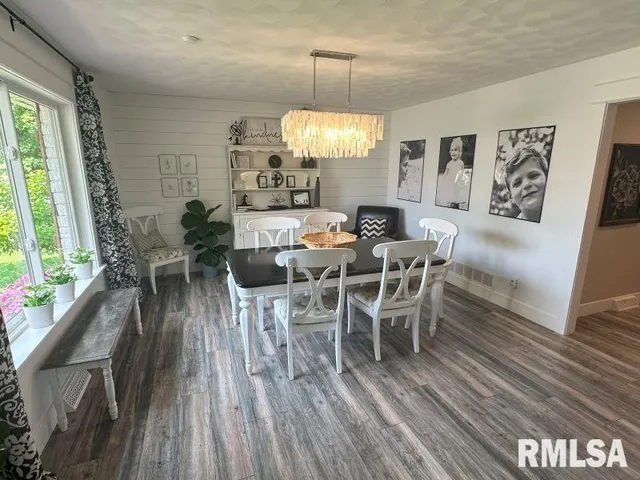 $529,900 | 1144 Brookview Drive, De Witt, IA 52742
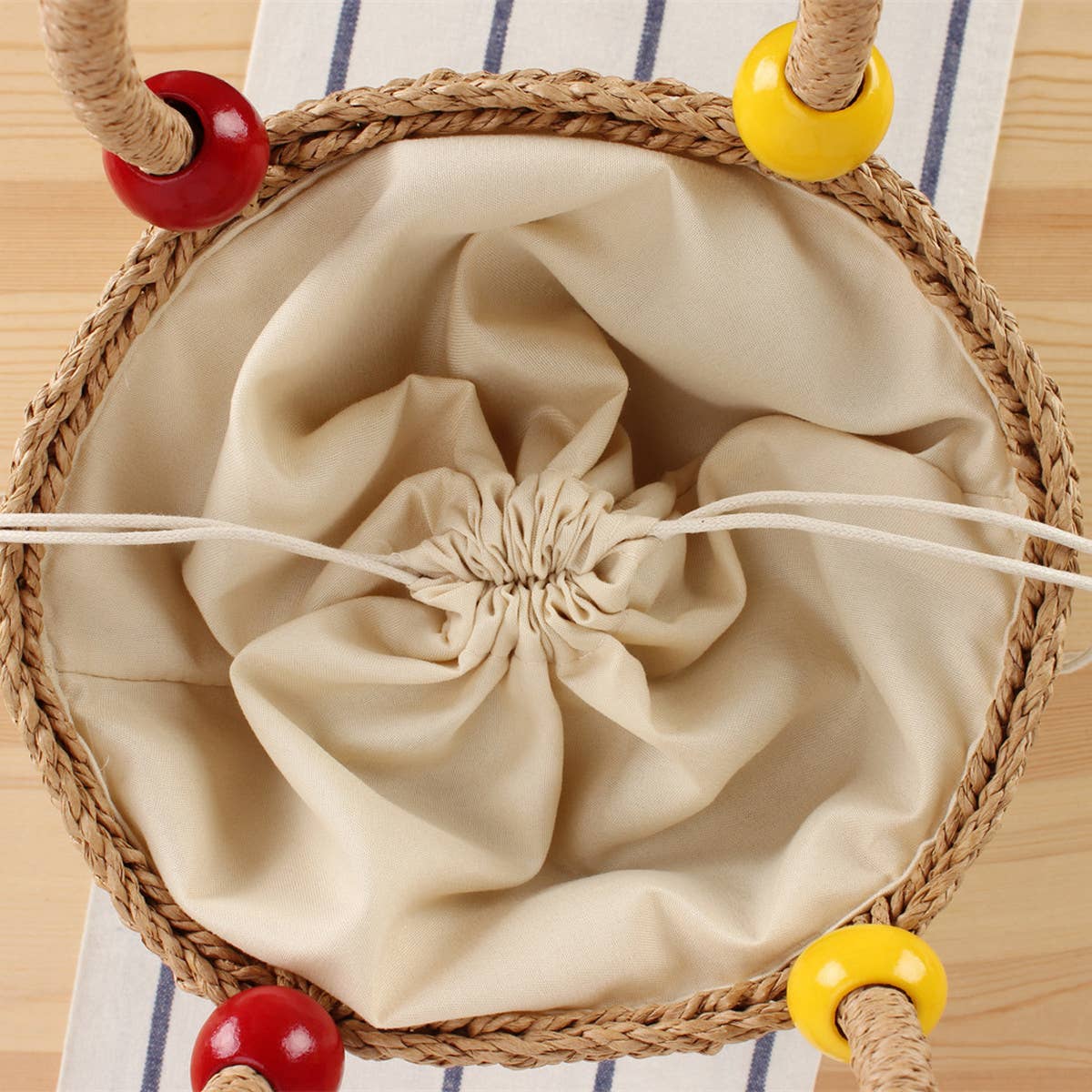 TWO-TONE BEADED PLAID STRAW BUCKET BAG_CWAB2110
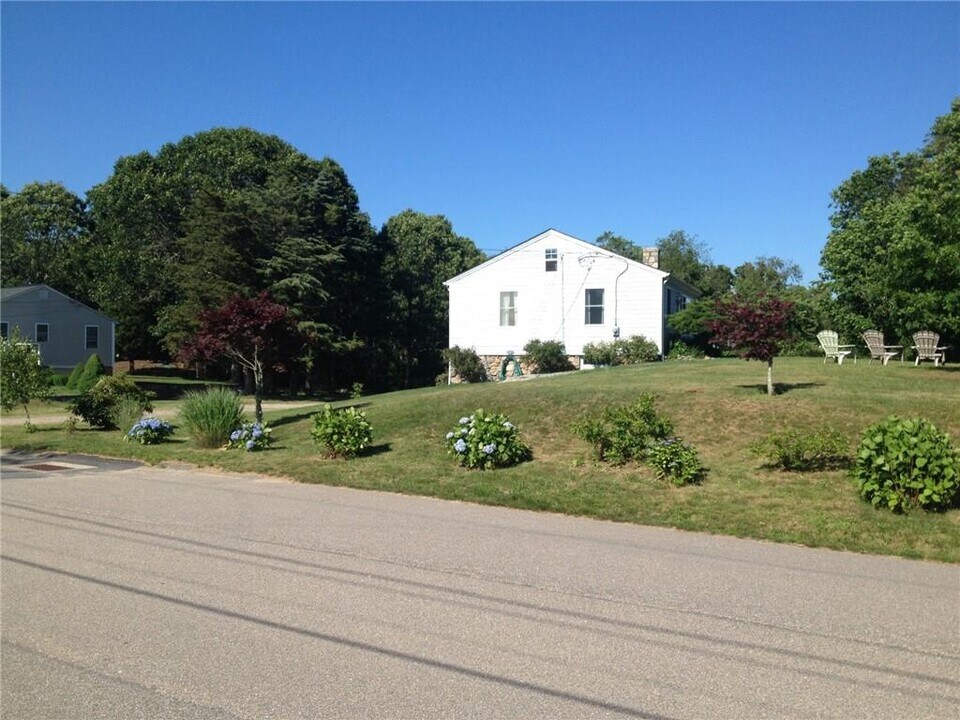 7 Cattail Dr in Westerly, RI - Building Photo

- - - - -

**TASK TO COMPLETE:** Copy out the listing exactly as it stands, but not the pictures.

**RESULT OF THE TASK:**
 $529,900 | 1144 Brookview Drive, De Witt, IA 52742
 TWO-TONE BEADED PLAID STRAW BUCKET BAG_CWAB2110
 7 Cattail Dr in Westerly, RI - Building Photo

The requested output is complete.